Disaggregation of Net Profit Margin
Based on: 10-Q (reporting date: 2025-06-30), 10-Q (reporting date: 2025-03-31), 10-K (reporting date: 2024-12-31), 10-Q (reporting date: 2024-09-30), 10-Q (reporting date: 2024-06-30), 10-Q (reporting date: 2024-03-31), 10-K (reporting date: 2023-12-31), 10-Q (reporting date: 2023-09-30), 10-Q (reporting date: 2023-06-30), 10-Q (reporting date: 2023-03-31), 10-K (reporting date: 2022-12-31), 10-Q (reporting date: 2022-09-30), 10-Q (reporting date: 2022-06-30), 10-Q (reporting date: 2022-03-31), 10-K (reporting date: 2021-12-31), 10-Q (reporting date: 2021-09-30), 10-Q (reporting date: 2021-06-30), 10-Q (reporting date: 2021-03-31).
The financial data indicates significant performance improvements over the observed periods, particularly from the end of 2022 onwards. Key profitability metrics show a clear upward trajectory, suggesting enhanced operational efficiency and improved bottom-line results.
- Tax Burden
- The tax burden ratio demonstrates a consistent increase from 0.91 to 0.97 between the first quarter of 2023 and the second quarter of 2025. This rising trend indicates a growing portion of earnings retained after tax, reflecting either more efficient tax management or improved profitability that sustains higher post-tax earnings.
- Interest Burden
- The interest burden ratio steadily improves from 0.97 to a perfect 1.00 during the same period, implying a reduction in interest expenses relative to earnings before interest and taxes. This trend suggests that interest costs are becoming negligible or properly managed, contributing positively to the company's ability to convert operating income into earnings before taxes.
- EBIT Margin
- Starting from a negative margin in late 2021, the EBIT margin shows a gradual and sustained improvement over the subsequent periods. It moves from approximately -31% in December 2021 to a positive margin of 22.78% by the second quarter of 2025. This marks a significant operational turnaround, indicating an effective reduction in operating losses followed by consistent profitability.
- Net Profit Margin
- Similar to the EBIT margin, the net profit margin improves markedly from deeply negative values around -30% in late 2021 to a positive margin exceeding 22% by mid-2025. The net profit margin closely follows the trends observed in EBIT margin but includes the final impact of taxes and interest. The simultaneous improvement of net profit margin and the burden ratios highlights overall financial health enhancement and stronger earnings quality.
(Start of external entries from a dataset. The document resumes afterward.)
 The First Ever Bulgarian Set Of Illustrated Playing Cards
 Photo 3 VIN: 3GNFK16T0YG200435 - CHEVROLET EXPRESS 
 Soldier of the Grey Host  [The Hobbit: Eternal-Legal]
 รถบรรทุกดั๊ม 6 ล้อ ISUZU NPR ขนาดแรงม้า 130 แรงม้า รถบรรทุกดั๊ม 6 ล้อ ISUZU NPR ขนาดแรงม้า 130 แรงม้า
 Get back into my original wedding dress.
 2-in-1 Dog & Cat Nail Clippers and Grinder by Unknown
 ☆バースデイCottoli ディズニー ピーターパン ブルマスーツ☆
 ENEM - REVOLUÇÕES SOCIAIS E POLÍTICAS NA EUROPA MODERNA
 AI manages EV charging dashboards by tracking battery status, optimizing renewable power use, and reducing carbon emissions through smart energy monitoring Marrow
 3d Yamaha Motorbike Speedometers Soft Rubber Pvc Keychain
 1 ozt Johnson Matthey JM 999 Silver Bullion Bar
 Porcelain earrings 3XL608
Overall, the data reflects a robust recovery trajectory with strong improvements in operational efficiency and profitability from the end of 2022 onwards. The company appears to have succeeded in mitigating its earlier losses, achieving sustainable profitability and increased earnings retention through effective tax and interest expense management.